Scraped caption text data:
════════
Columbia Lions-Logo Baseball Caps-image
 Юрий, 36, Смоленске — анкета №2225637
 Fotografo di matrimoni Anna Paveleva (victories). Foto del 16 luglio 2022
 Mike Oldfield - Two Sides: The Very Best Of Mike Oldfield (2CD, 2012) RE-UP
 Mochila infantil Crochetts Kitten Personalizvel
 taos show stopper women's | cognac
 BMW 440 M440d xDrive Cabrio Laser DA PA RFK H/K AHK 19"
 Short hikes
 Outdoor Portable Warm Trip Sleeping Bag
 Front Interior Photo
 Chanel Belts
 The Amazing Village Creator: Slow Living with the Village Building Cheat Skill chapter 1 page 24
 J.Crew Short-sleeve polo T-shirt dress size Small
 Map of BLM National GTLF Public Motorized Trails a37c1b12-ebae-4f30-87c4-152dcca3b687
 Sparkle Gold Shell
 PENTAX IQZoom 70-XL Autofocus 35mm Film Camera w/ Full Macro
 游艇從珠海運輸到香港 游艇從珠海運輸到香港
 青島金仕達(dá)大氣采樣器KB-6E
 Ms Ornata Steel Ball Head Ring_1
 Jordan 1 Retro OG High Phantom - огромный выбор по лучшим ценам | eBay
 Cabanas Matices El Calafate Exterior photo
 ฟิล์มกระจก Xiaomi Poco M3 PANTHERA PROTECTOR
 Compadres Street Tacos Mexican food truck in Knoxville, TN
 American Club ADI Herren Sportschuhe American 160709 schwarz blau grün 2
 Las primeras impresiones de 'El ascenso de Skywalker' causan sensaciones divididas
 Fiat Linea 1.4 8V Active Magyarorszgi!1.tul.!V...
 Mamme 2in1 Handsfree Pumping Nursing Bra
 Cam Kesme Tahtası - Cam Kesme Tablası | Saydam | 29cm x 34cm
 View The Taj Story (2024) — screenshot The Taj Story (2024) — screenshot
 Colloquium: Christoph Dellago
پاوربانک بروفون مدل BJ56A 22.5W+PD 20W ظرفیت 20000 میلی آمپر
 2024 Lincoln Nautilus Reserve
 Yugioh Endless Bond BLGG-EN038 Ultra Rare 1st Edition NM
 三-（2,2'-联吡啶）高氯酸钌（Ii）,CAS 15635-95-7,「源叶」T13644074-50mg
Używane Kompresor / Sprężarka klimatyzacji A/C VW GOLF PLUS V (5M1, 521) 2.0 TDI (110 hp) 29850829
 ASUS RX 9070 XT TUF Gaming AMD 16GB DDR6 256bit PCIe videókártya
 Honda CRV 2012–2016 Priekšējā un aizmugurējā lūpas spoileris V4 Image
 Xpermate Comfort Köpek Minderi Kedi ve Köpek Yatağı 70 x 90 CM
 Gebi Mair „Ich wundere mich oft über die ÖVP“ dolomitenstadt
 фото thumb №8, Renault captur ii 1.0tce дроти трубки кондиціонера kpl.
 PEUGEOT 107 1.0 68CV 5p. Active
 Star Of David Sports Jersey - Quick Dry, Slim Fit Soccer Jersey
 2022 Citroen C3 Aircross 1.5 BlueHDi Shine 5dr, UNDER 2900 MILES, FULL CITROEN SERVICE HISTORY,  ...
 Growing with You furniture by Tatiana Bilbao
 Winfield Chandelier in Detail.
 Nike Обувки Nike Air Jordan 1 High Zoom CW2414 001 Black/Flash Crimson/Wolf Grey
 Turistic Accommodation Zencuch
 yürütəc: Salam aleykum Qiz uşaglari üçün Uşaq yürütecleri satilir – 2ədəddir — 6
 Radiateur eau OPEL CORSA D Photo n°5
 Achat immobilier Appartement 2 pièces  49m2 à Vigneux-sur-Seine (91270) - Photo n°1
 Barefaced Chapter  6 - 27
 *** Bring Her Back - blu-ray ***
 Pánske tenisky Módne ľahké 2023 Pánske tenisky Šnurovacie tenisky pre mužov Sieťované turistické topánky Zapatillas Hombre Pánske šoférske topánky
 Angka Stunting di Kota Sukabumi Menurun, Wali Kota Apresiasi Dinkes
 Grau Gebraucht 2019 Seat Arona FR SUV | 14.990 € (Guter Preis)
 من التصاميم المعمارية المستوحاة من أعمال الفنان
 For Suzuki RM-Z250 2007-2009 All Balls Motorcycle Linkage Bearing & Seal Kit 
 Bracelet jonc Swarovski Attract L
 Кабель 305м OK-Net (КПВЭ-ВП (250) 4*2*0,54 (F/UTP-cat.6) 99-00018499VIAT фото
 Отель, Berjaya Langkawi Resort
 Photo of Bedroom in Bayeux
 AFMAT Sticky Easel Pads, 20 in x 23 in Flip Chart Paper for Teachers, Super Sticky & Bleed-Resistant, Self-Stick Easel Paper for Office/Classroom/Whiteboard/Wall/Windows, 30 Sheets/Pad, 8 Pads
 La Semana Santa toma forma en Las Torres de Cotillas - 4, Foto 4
════════
- [WHAT YOU HAVE TO DO]
Looking at the entries above, report how many of their lines include "Short", and add nothing else.

- [OUTPUT FOR THIS EXERCISE]
2